Summer is fun and light and for a lot of people, me included, my reading turns the same way. I want thrillers, chick-lit, humor. But just like anything else in life, too much of the same thing, even when it’s good, can make me cranky. Or just a bit manic. Fast reading=hyper brain and that’s not a good look on me. So, this feature will be for reading that is the antithesis of fast and plot driven. The kind of reading where it’s the sentences that matter. If you’re ready to slow down, settle into a hammock or comfy chair on the porch, settle into characters and their thoughts, then one of them might be right for you.

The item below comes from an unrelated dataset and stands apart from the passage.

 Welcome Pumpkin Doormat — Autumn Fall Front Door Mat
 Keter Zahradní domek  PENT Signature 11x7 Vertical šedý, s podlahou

The Garden Party by Grace Dane Mazur
Published by Random House
Publication date: July 10, 2018
Genres: Book Clubs, Fiction, Literary
There are few occasions more awkward then bringing new in-laws together to meet for the first time. For many, this may not occur until days before the wedding but, sometimes, as in The Garden Party, it’s the night before, at the rehearsal dinner. Adam and Eliza are getting married and this feels more stressful to them than the wedding itself. Mostly because their families reside in opposite poles on the globe of human nature. His family, the Cohens, are artistic wanderers, who see life as journey where doing is not as important as being, where thinking about doing can be a goal. The Barlows are aggressive doers, immediately apparent by the fact that they are all lawyers. ALL. LAWYERS. From her father, and mother right down to her three brothers. Only she and her twin brother, Harry, have gone against the family grain—she’s studying to be a veterinarian and he’s a pastor. They all come together at the Cohen’s house for a meal of mishaps, intrigue, miscommunication and varying degrees of confusion.
The Garden Party is a picture in contrasts. Pindar, Adam’s father, is a man so gentle he’s combed the garden for exactly the right flowers for the table, pairing them up by their traditional meanings to send an unspoken message about love to the guests. Eliza’s father, on the other hand, goes so far as to ask Pindar if Adam chose to be a poet because there is something wrong with him. But, rudeness aside, author Grace Dane Mazur isn’t interested in simple generalizations about good and bad people. She is gentle in her depiction of all the layers in both families. The Cohens take quirky into territory that is panicky and decidedly odd, just as the Barlows have a primal need for organized games as familial bonding.
The novel is a character study, taking place in one afternoon and evening. The only action is the flow between the guests, to which we have seats right at the table, thanks to Mazur. She shepherds couples together and apart, guides conversations to places they might not have gone to on another night, and lets us revel in the escape of the families’ children to a nearby pond—evoking memories of being faced with unutterably dull adult events.
He was glad that they had all has the sense to slide away from the grown-ups, although he liked his aunt Lizzie and the man she was marrying. It was clear, though, that the asparagus would go on forever. He had lost hope of any other food.
It is these kinds of tiny gestures, expressions, and hidden conversations that both contrast and bind together the Barlows and the Cohens. I was especially touched by the two elders in the families, who, despite being in their nineties, provide the humor and a sweet flirtation.
One caveat (and it may just be the advance electronic copy of the book I had), most of the sentences begin with a verb, which can be quite disconcerting when it happens repeatedly. It gives a very choppy, jumpy feel to what is otherwise languid reading. Beyond that, Mazur is beautifully adept at playing with words without letting them take control, making The Garden Party a lovely, tender, and hopeful novel.